- [Exercise directions] In the material below, pictures must be dropped. Repeat exactly, and only, the lines from the line with "SỬ DỤNG PHẦN" to the line with "Vestido de manga", both ends included.

- [Input]
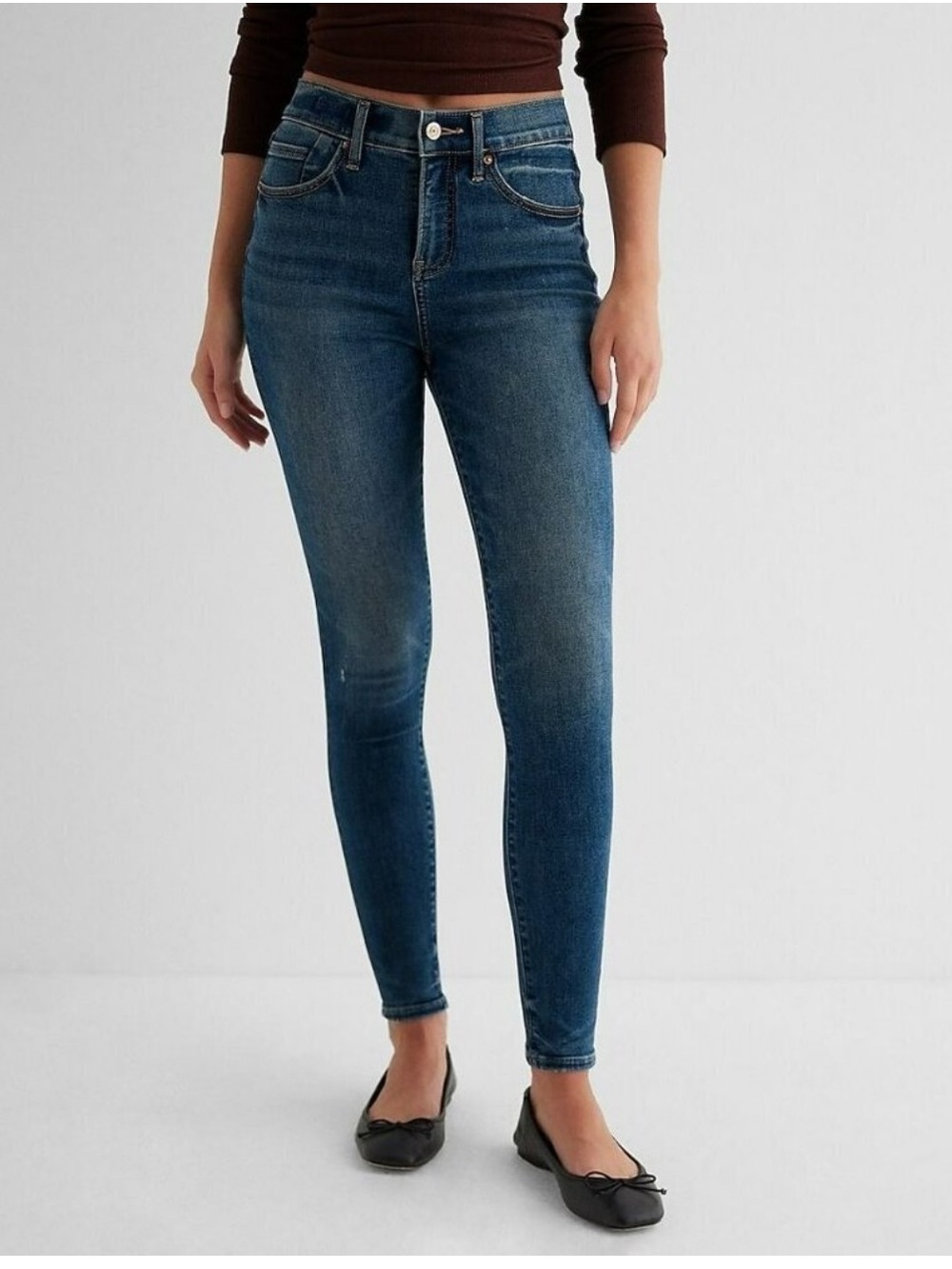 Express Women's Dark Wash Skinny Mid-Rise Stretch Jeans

...

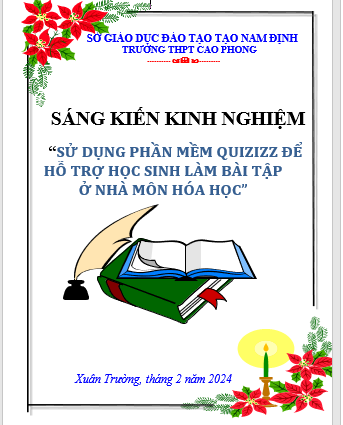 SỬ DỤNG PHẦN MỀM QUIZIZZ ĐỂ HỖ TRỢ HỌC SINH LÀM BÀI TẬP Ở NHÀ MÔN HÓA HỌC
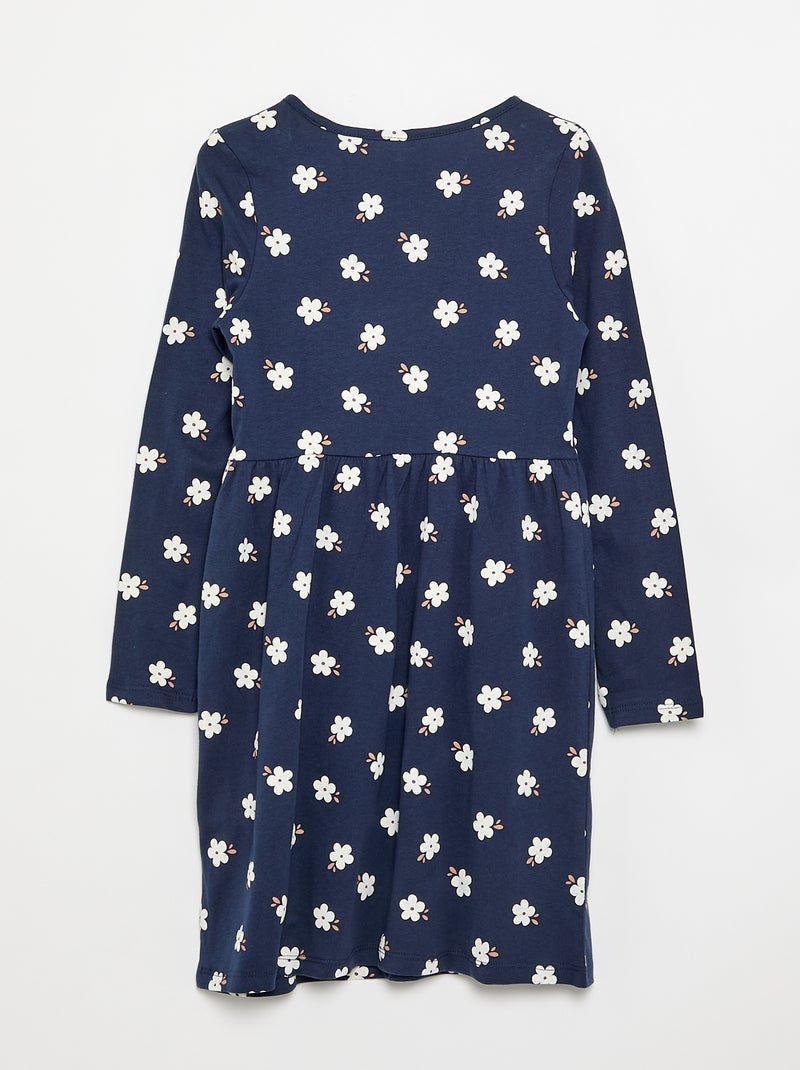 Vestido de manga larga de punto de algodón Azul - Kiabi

- [Result]
 SỬ DỤNG PHẦN MỀM QUIZIZZ ĐỂ HỖ TRỢ HỌC SINH LÀM BÀI TẬP Ở NHÀ MÔN HÓA HỌC
 Vestido de manga larga de punto de algodón Azul - Kiabi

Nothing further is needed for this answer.